[What needs to be done]: Starting at the line that has "Men's Clothing 2024" and stopping after the line that has "GERARDO'S Toys: Little", reproduce the listing below exactly; omit everything else.

[Task material]:

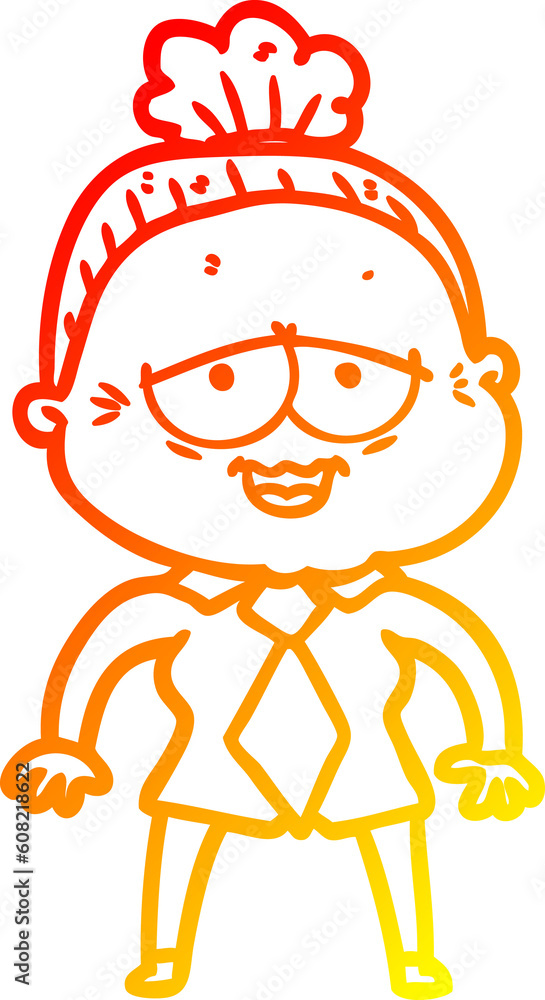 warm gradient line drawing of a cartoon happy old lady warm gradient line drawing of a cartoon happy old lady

* * *

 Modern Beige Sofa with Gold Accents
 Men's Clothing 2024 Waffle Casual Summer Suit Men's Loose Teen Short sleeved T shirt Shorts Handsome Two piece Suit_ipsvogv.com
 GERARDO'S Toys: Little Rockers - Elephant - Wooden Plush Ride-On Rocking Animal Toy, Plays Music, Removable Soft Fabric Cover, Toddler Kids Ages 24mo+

[Answer space]:
 Men's Clothing 2024 Waffle Casual Summer Suit Men's Loose Teen Short sleeved T shirt Shorts Handsome Two piece Suit_ipsvogv.com
 GERARDO'S Toys: Little Rockers - Elephant - Wooden Plush Ride-On Rocking Animal Toy, Plays Music, Removable Soft Fabric Cover, Toddler Kids Ages 24mo+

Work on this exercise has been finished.